Chatchawarn Jirupathum, IT Manager, RMA Group.
It is difficult for traditional business models to survive today. To stay competitive, companies need to be adaptable to change, and one of the biggest changes of our time is the shift to digital.
Digital transformation is at the top of every CIO’s mind. If you are good at guiding your company through a digital transformation, everyone in the IT department will be thinking about it. Now, if you’re great at it, all employees across departments will be aware of the shift to digital and use it to maximize their workflow – that’s the golden zone companies should be aiming for.
As the Group IT Operations Manager of RMA Group, I have immersed myself in multiple roles and projects, from app development to supporting our global IT operations. I have had the opportunity to guide the group through a digital transformation journey over the years. Here are the biggest lessons I have learned.
1. Know Yourselves as a Company First
This is the most crucial step in the shift to digital. Understand your company and its goals. Know what your current products and services are, plus who your current and potential customers are. Be aware of upcoming trends in your market and across the globe. Understand your company’s strengths, weaknesses, and its footprint. Once you have nailed these down, keep revisiting each item as you continue on your digital transformation journey.
2. What Are You Looking to Gain?
As you start to know yourselves better as a company, you can discover what switching to digital should look like. Outcomes should start coming to mind. This may seem obvious but I have seen too many examples of companies that grew quickly thanks to digitization and fizzled out fast, like Pokemon Go. This happens when you have not well prepared and thought through the outcomes you are looking to gain from the transition to digital.
We stayed on top of this at RMA Group by knowing our company inside out. The IT team often sits down with executives and the business side to really get to know where our priorities lie, which brings us to the next point.
3. Work with the Business Side
In the past, business people did not know much about the IT side and vice-versa. Nowadays, you need to see each other as partners. The IT side, more than ever, needs to be malleable and able to coordinate with the other arms of the company.

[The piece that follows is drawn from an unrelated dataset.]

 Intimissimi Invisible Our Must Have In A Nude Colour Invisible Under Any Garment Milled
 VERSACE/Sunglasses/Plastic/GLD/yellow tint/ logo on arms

At RMA Group, I help the business side understand the tech side. We then decide if we should jump onto new technology and find ways to remain competitive. Consulting the business side is now a required part of my job.
4. Prep and Implement
Digital transformation is not just about introducing an app or a platform. It is a whole way of doing business, and this can go all the way back to the way we live our lives. Before guiding others on this digital journey, you need to start with the self. Know yourself, your goals and challenges you face. Keep adaptable to change and keep revisiting and reassessing your goals, because they will change again.
From here, you can lead by example, and that is how I guide our IT team through the digital transformation journey. While no journey is smooth, we prep by going back to step one, which is knowing the company like the back of our hands. Besides guiding the team, I am always looking out for passionate people. When we spot those who want to be leaders, we help develop their mindset into that of a leader. They build their own opportunities, which RMA facilities.
Once the IT team is in sync, you can start to prep the workforce for that switch to digital. Being at the RMA headquarters, my job is to make sure the IT team throws out policies using the same template. This is crucial for every company. On top of applying the right technology and answering to business requirements, make sure you do not confuse your colleagues.
5. Resource Management
You cannot forget the importance of time and resource management. For any workload, make sure you are using the right talent. Develop their talents, keep communication intact, and support them whenever needed. Many companies will face a digital skills shortage, but one great way to combat this is to foster continual learning with your talent.
Last year, RMA Group held their first regional IT workshop, which I hope we continue doing. The outcomes were phenomenal; more people understand RMA IT standard processes, get in-sync with peers, keep up-to-date on the technology, and we found ways to maximize the IT budget. This was a good example of resource and time management done right.
What the Future Holds for Digital Transformation Looks Like
I had the chance to speak with senior IT leaders around the world and in Southeast Asia. While they all have different approaches to digital transformation, one takeaway remains the same: the world is changing, and we need to be able to do things creatively. For example, banks are transitioning to e-banks, you can order food from a mobile app, etc. These ideas do not come from playing it safe. You need to be playing around in your playground and realize that successes cannot come without past failures (but risks need to be managed).
Another big takeaway is that in the future, IT will be blended through all functions and all businesses. Earlier in this piece, I mentioned a golden zone that CIO’s aim to reach, where employees are aware of the shift to digital and use it to maximize workflow. We are getting there. I can see that in a decade or so, employees across all departments will be better at using technology to its full potential. I envision companies with smaller IT teams or few IT consultants on hand, and an entire workforce of tech-savvy talent.